Problem to solve:
Transcribe the records below exactly.

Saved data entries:
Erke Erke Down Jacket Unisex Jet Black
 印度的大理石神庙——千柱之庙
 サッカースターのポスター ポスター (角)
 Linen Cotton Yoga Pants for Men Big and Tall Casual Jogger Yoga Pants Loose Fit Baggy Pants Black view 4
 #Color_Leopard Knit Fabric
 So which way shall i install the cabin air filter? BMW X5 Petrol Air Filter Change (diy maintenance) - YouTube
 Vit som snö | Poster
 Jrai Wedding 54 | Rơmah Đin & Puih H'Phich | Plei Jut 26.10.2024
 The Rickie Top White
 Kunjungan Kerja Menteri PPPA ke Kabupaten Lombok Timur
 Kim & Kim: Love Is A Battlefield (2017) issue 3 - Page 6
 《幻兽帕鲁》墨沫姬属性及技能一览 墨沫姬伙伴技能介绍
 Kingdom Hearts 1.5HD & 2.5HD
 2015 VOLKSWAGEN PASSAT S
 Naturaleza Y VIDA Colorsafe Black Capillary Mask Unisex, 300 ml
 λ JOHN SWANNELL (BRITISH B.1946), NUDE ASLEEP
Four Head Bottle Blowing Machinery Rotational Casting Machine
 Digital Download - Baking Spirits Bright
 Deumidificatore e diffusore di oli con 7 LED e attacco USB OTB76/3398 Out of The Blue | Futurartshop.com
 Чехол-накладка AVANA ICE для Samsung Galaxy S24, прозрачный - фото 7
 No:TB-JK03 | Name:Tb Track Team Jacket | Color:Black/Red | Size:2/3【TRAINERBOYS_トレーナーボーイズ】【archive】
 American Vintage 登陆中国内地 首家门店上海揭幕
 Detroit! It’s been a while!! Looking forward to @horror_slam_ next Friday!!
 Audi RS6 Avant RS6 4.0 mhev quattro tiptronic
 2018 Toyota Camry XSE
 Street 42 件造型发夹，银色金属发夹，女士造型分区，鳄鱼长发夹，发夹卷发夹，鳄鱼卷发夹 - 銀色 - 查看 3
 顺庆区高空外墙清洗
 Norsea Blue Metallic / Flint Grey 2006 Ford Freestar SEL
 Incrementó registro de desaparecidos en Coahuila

Result for this exercise:
Erke Erke Down Jacket Unisex Jet Black
 印度的大理石神庙——千柱之庙
 サッカースターのポスター ポスター (角)
 Linen Cotton Yoga Pants for Men Big and Tall Casual Jogger Yoga Pants Loose Fit Baggy Pants Black view 4
 #Color_Leopard Knit Fabric
 So which way shall i install the cabin air filter? BMW X5 Petrol Air Filter Change (diy maintenance) - YouTube
 Vit som snö | Poster
 Jrai Wedding 54 | Rơmah Đin & Puih H'Phich | Plei Jut 26.10.2024
 The Rickie Top White
 Kunjungan Kerja Menteri PPPA ke Kabupaten Lombok Timur
 Kim & Kim: Love Is A Battlefield (2017) issue 3 - Page 6
 《幻兽帕鲁》墨沫姬属性及技能一览 墨沫姬伙伴技能介绍
 Kingdom Hearts 1.5HD & 2.5HD
 2015 VOLKSWAGEN PASSAT S
 Naturaleza Y VIDA Colorsafe Black Capillary Mask Unisex, 300 ml
 λ JOHN SWANNELL (BRITISH B.1946), NUDE ASLEEP
Four Head Bottle Blowing Machinery Rotational Casting Machine
 Digital Download - Baking Spirits Bright
 Deumidificatore e diffusore di oli con 7 LED e attacco USB OTB76/3398 Out of The Blue | Futurartshop.com
 Чехол-накладка AVANA ICE для Samsung Galaxy S24, прозрачный - фото 7
 No:TB-JK03 | Name:Tb Track Team Jacket | Color:Black/Red | Size:2/3【TRAINERBOYS_トレーナーボーイズ】【archive】
 American Vintage 登陆中国内地 首家门店上海揭幕
 Detroit! It’s been a while!! Looking forward to @horror_slam_ next Friday!!
 Audi RS6 Avant RS6 4.0 mhev quattro tiptronic
 2018 Toyota Camry XSE
 Street 42 件造型发夹，银色金属发夹，女士造型分区，鳄鱼长发夹，发夹卷发夹，鳄鱼卷发夹 - 銀色 - 查看 3
 顺庆区高空外墙清洗
 Norsea Blue Metallic / Flint Grey 2006 Ford Freestar SEL
 Incrementó registro de desaparecidos en Coahuila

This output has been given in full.